New Article Published in English in Education (Routledge)

My latest article ‘Exploring dialogic teaching of GCSE English Literature within increasingly regulated school environments’ can be read in English in Education. Below is a little snippet of the article. It’s peer-reviewed. It came about, I think, because I’m trying to reconcile (and somewhat failing) the dichotomy between exploring thought, learning, and so on, with the ever-present drive for constraint and compliance within institutions. The two don’t go together. A compliant class is not freely explorative. A freely explorative class cannot be compliant. It’s a dilemma. Anyway, I wrote about it here.

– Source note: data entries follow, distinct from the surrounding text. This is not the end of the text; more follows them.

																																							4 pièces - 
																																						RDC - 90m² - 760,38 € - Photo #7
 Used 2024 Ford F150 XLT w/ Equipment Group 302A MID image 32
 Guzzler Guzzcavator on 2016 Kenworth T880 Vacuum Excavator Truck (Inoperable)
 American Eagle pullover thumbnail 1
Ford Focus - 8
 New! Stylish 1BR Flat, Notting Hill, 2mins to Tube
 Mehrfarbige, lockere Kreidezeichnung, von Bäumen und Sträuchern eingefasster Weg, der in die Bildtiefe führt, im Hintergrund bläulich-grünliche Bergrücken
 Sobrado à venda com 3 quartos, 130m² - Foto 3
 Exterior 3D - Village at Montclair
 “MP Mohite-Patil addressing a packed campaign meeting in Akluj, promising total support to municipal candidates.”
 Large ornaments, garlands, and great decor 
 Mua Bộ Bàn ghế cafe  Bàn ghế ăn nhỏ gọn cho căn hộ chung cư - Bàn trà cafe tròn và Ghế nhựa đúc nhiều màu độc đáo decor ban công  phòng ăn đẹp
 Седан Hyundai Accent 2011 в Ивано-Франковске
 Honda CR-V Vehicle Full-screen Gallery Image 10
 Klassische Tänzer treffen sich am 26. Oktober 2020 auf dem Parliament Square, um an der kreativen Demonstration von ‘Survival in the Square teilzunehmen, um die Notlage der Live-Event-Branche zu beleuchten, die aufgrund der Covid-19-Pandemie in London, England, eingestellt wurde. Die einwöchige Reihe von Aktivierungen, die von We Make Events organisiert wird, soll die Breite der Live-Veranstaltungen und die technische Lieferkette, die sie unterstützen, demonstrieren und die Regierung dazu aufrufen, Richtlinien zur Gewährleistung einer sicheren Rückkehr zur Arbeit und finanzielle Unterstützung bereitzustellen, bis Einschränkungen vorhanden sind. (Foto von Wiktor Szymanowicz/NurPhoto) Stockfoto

Dialogic pedagogy is well-established in English education research; however, it is typically enacted within highly regulated, assessment-driven classroom environments. This article offers a practice-led, autoethnographic account of teaching GCSE English Literature in a hyper-regulated secondary school context. It examines how institutional norms of surveillance and compliance shape students’ willingness to interpret. Drawing on classroom episodes, including changes to seating arrangements and exploration of patriarchal power in Romeo and Juliet, this study reframes current dialogic teaching as a method enacted under conditions of constraint. It explores how classroom conditions mediate whether context functions as sanctioned knowledge within a regulated school system, or as an independent critical lens, freely explored by each student. While grounded in the terminology of GCSE assessment in the UK, the analysis contributes to international conversations about teaching literature dialogically within increasingly regulated school environments.

Halay, A. M. (2026). Exploring dialogic teaching of GCSE English Literature within increasingly regulated school environments. English in Education, 1–12.